You obviously look for a messiah who looks like you or thinks like you, even remotely so. And so for the most part, the religious community never assumed that its secular brothers could be the messiah, as they were nothing like the religious.
A couple approximations were made: some thought that Herzl could have been at least a prelude to the messiah who was meant to come from the tribes of Joseph (Rabbi Kook gave a eulogy for him to this extent), while others assumed they could, at best, be the messiah’s donkey. This goes without saying that our people knew how to create more colorful analogies for these other Jews, such as Empty Wagons and so on. But that they themselves could be the messiah? Definitely not.
But it was, in fact, the seculars who brought back the messianic ideal, not as a belief but as a goal: to redeem people, and the Jewish community as a whole, through being their own messiah, and no longer waiting for a religious one to show up. In the same way that Hassidism brought the ability to fix the broken world to the simple peasant, Zionism brought a means of redeeming the Jewish people to the simple Jew. The state was built, overwhelmingly, by people who did not believe in waiting any more, and were happy to be their own messiahs.
It is no shock that during the past six months of protests, and especially in the past three weeks, the protest rhetoric became one of Churban Bayit, Temple destruction. To a secular Israeli, one need not wait for messiah, one must continue the messiah’s work, and one must not allow the messianic age to lapse.
Is that my people have taken such drastic measures? Is that why people have decided that the social contract to which they agreed with the state, the economy, the army, is null and void, because they too followed a false messiah?
The attempt of some to write off the past months as some temper tantrum or hissy hit is a clear picture of how little people seem to understand a secular perception of the state.

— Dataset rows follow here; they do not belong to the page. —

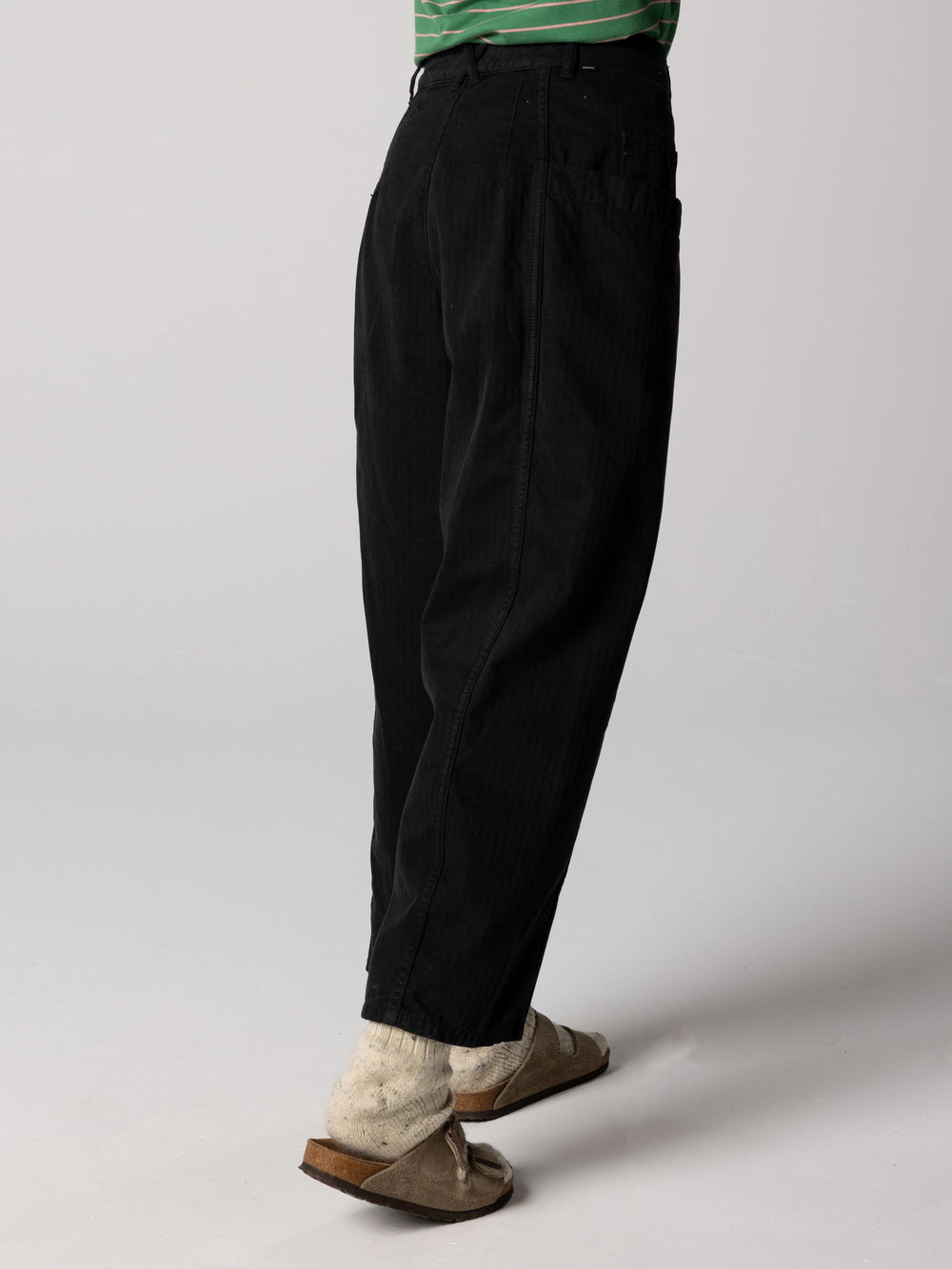 Organic Cotton Barrel Trouser in Black - Croft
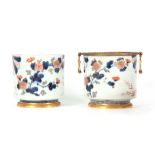 A PAIR OF 18TH CENTURY CHINESE IMARI PATTERN ICE P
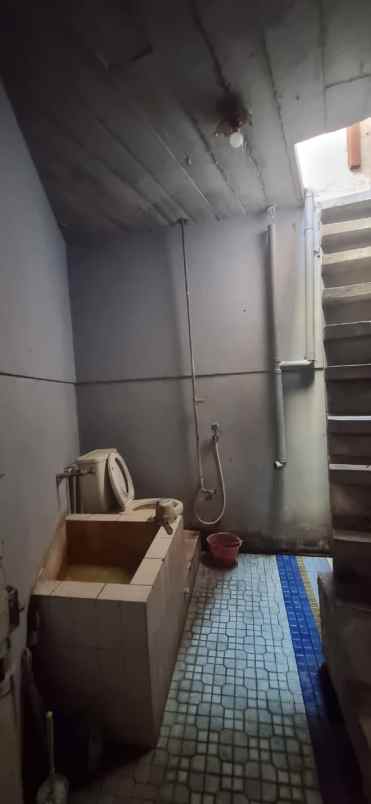 dijual rumah karah agung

In the religious view, the state is a means to an end, the messiah, and as such, it must keep striving towards that, but if things don’t look god one day, it is not a sign that things have failed, it is simply the birth-pangs of the messiah. This was the way most of the religious Zionist world handled the disengagement from Gaza (obviously there were those who did not share this idea, and some did indeed lose faith in the state as the beginning of the redemption). Finance Minister Smotrich, in addressing the protestors after the vote, spoke of his experiences after the disengagement, and how he handled it. Believing the state to be a miracle, he decided that he must hang two Israeli flags on his car, not just one, because the miracle did not end just because Jewish presence in Gaza did.
But this shows a lack of perception regarding the other side. In the secular worldview, the state is the end of the various means, and it must remain functional and do its job of protecting the Jewish people, protecting itself, and ensuring justice. And to those who protest, it is not against just the laws which are proposed (something of which many with whom I’ve spoken on the other side have been greatly displeased, but often do understand); it is against the reality wherein the Zionist project strays from the progressive path it was on, to becoming an ideal secular state, and in their view, is reverting and turning backwards in a moral and societal way. What is being mourned on the streets, the panic that you see, is not a loss of power, as some have accused, but a loss of hope, and a Breaking of the Vessels of an entire vision.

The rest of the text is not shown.